INFORMATION section start

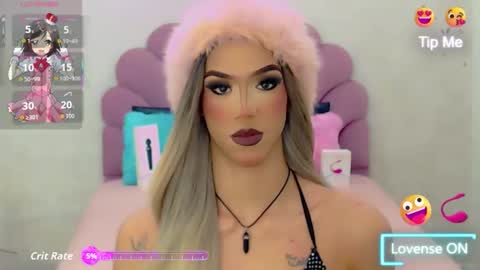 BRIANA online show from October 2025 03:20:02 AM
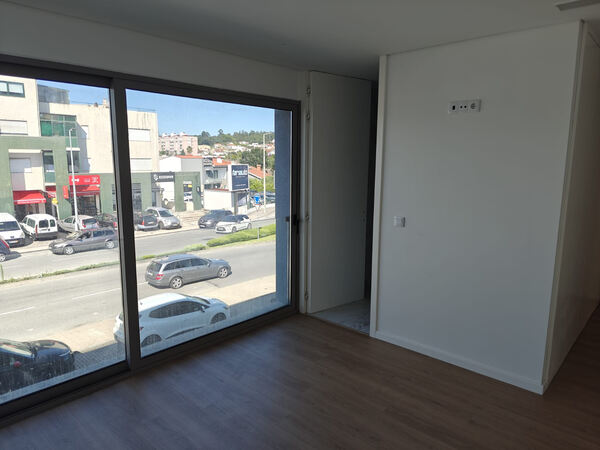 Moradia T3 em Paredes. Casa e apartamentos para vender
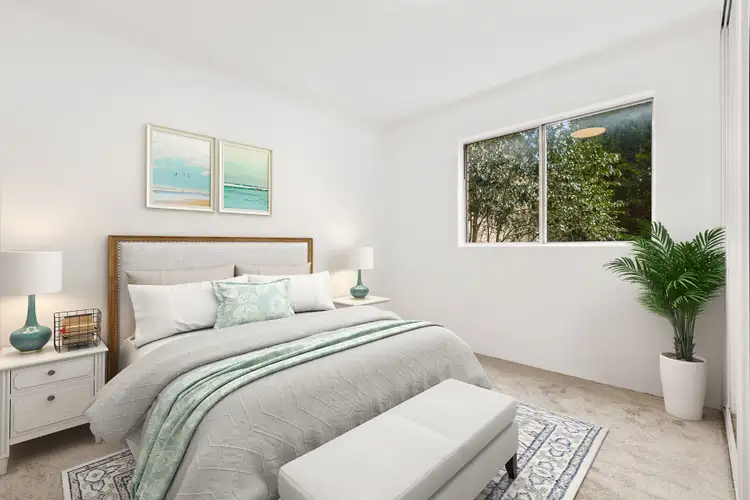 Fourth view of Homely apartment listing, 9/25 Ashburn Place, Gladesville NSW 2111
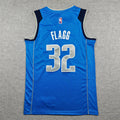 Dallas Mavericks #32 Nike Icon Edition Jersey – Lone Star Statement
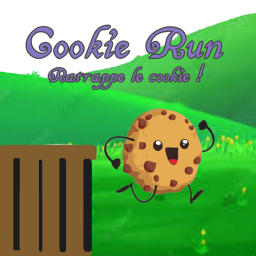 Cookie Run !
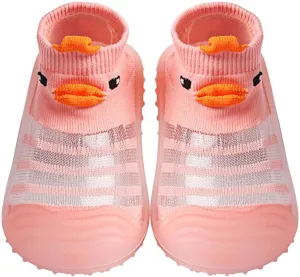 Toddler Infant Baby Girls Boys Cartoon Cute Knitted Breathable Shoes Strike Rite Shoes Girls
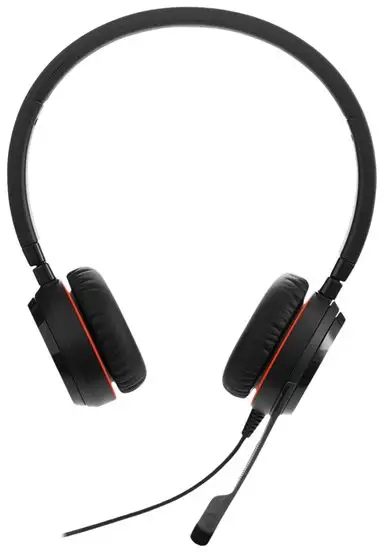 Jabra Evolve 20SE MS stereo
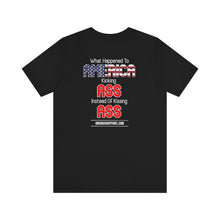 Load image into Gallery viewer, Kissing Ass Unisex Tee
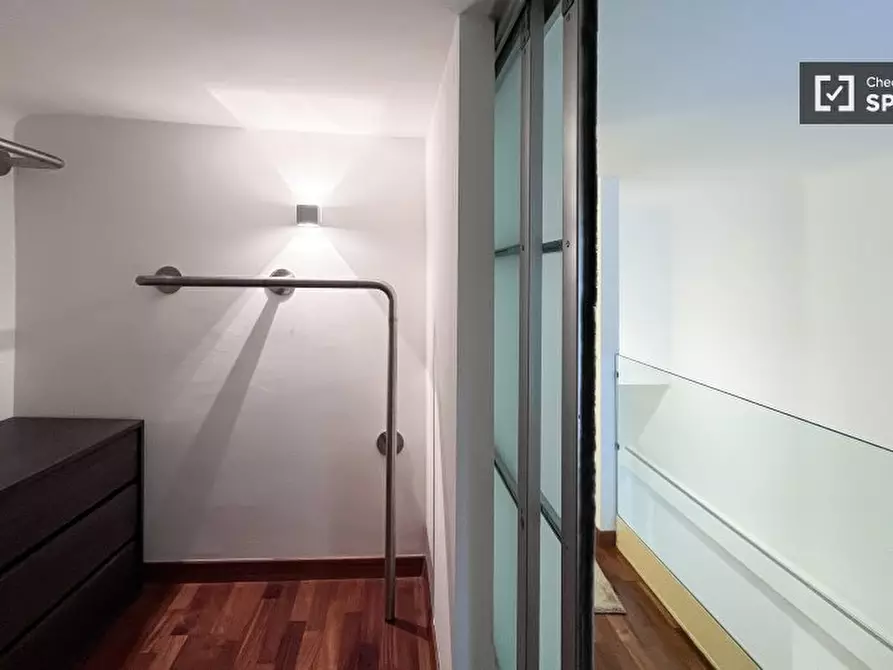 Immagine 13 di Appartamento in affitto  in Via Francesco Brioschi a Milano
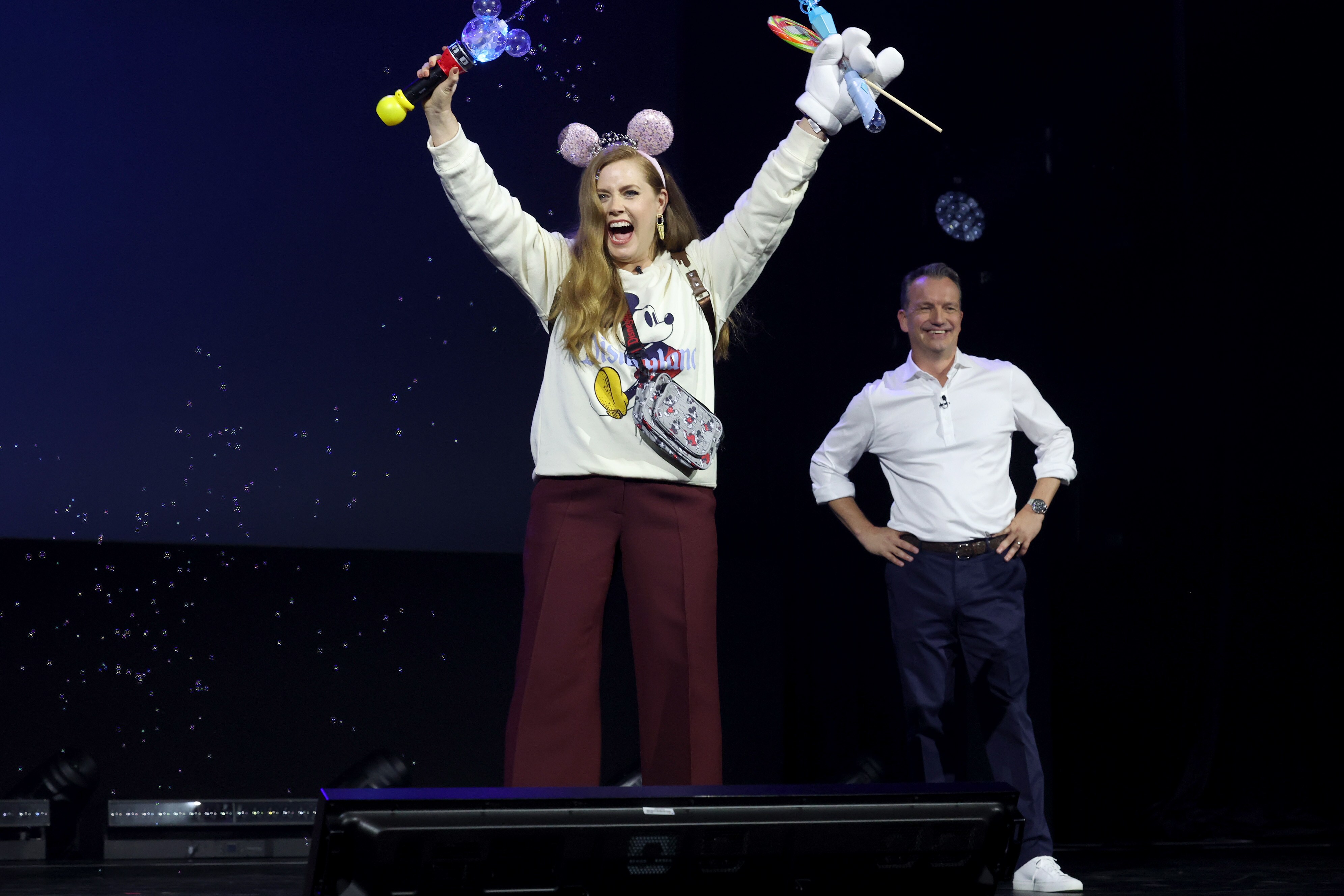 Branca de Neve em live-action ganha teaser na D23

INFORMATION section end

» WORK TO BE COMPLETED: Starting at the line containing "Jabra Evolve 20SE MS stereo", output every remaining line of the records above exactly, the last one included. Nothing else belongs in the output, and no pictures either.

» SOLUTION TO THIS TASK:
 Jabra Evolve 20SE MS stereo
 Load image into Gallery viewer, Kissing Ass Unisex Tee
 Immagine 13 di Appartamento in affitto  in Via Francesco Brioschi a Milano
 Branca de Neve em live-action ganha teaser na D23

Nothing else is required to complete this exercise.